As mentioned here in gitter earlier today, when I was working the Semaphore primitive I felt unsure of how I was using it. I'd appreciate some examples and documentation on the common use cases of the synchronization primitives shipped with trio and will try to help with this. There is existing documentation here that should be considered too.

njsmith commented 4 years ago

Here's a sketch for a web spider, including a tricky solution to figuring out when a circular channel flow is finished: https://gist.github.com/njsmith/432663a79266ece1ec9461df0062098d

snedeljkovic commented 4 years ago

Hey @njsmith I just tested your spider, and it seems there is an issue regarding the closing of the send channel clones. Here is a mwe with a proposed fix:

import trio
import random
from collections import deque

WORKER_COUNT = 10

tasks = deque(i for i in range(103))
results = []

async def worker(worker_id, tasks, results, receive_chan):

  async def process(task):
    await trio.sleep(random.uniform(0, 0.1))
    return task

  async for send_chan, task in receive_chan:
    async with send_chan:
      result = await process(task)
      results.append((result, worker_id))
      if tasks:
        await send_chan.send((send_chan.clone(), tasks.popleft()))
        continue
      print('Worker {} reached an empty queue.'.format(worker_id))
      break

async def batch_job(tasks, results):
  send_chan, receive_chan = trio.open_memory_channel(float("inf"))
  for _ in range(WORKER_COUNT):
    await send_chan.send((send_chan.clone(), tasks.popleft()))
  async with trio.open_nursery() as nursery:
    for worker_id in range(WORKER_COUNT):
      nursery.start_soon(worker, worker_id, tasks, results, receive_chan)

trio.run(batch_job, tasks, results)

If I remove the break in the async for send_chan, task in receive_chan loop the program hangs. Could you explain why exactly this fix works? Is there a more correct way to fix the issue?

smurfix commented 4 years ago

You're not closing the original send_chan. Also you fill your queue first and start the workers afterwards, which in a real program (i.e. with a non-infinite queue) isn't a terribly good idea.

smurfix commented 4 years ago

Anyway, why is your code so complicated?

Simplified:

tasks = deque(range(103))
results = []

async def worker(worker_id, results, receive_chan):

  async def process(task):
    await trio.sleep(random.uniform(0, 0.1))
    return task

  async for task in receive_chan:
    result = await process(task)  
    results.append((result, worker_id))  
  print('Worker {} reached an empty queue.'.format(worker_id))

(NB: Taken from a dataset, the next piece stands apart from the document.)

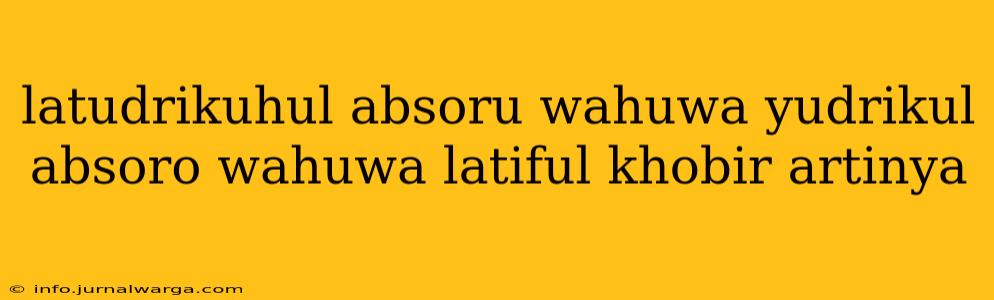 latudrikuhul absoru wahuwa yudrikul absoro wahuwa latiful khobir artinya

async def batch_job(tasks, results):
  send_chan, receive_chan = trio.open_memory_channel(WORKER_COUNT)
  async with trio.open_nursery() as nursery:
    async with send_chan:
      for worker_id in range(WORKER_COUNT):
        nursery.start_soon(worker, worker_id, results, receive_chan)
      for t in tasks:
        await send_chan.send(t)
      await send_chan.aclose()

trio.run(batch_job, tasks, results)

Note that you don't need (and don't want) an infinite queue; limiting it to the number of workers is more than sufficient.

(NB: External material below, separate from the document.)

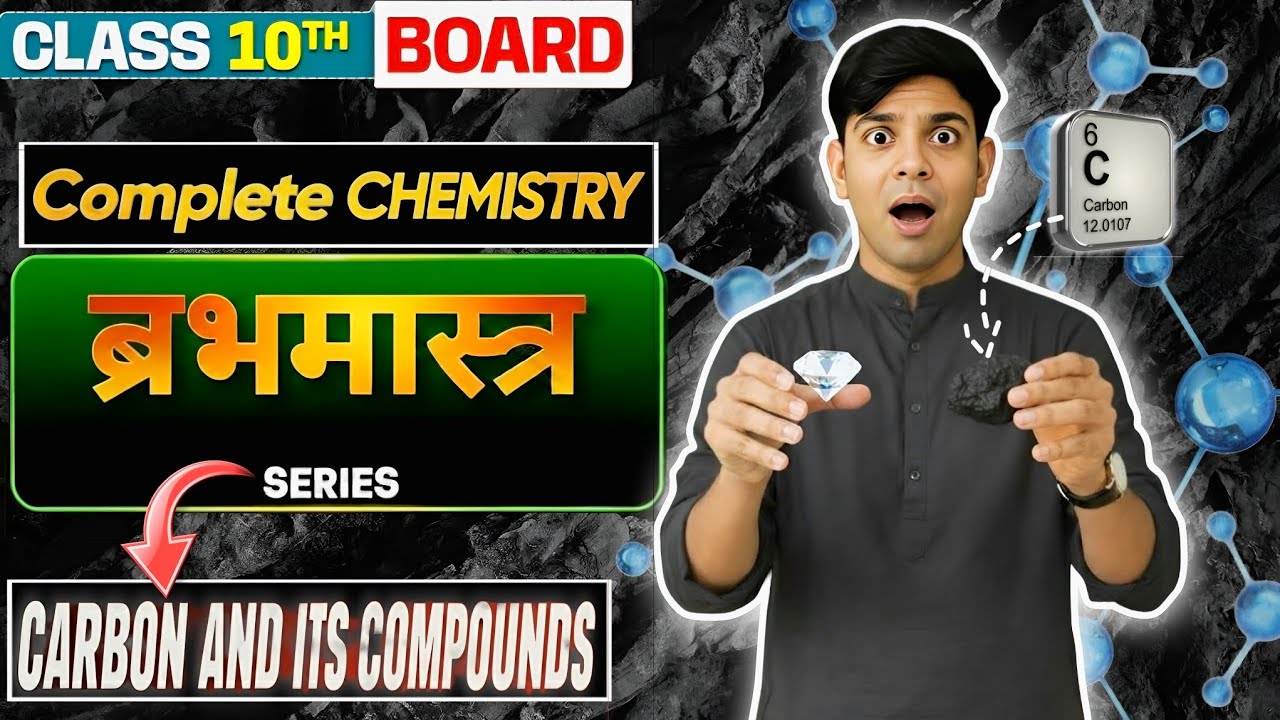 Class 10 Carbon and its Compounds: One Shot Brahmastra Series! 🔥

snedeljkovic commented 4 years ago

@smurfix Thanks for the explanation. Could you please elaborate on why it is a bad idea to first fill the queue and then start the workers? I'm building a concurrent scraper that should roughly speaking be given a batch of urls and then scrape them concurrently. Because of retries some links may get added back to the queue. Yeah the code is more complicated than it should be, but I figured it's simple enough to get the point.

smurfix commented 4 years ago

OK, yeah, if you're scraping then your original code makes more sense. ;-)

The point is that you should never use an infinite queue. Infinite queues tend to fill memory. Also, the point of a queue is to supply back-pressure to the writers (i.e. your scraper) to slow down because the workers can't keep up. This, incidentally, significantly improves your chances of not getting blocked by the scraped sites.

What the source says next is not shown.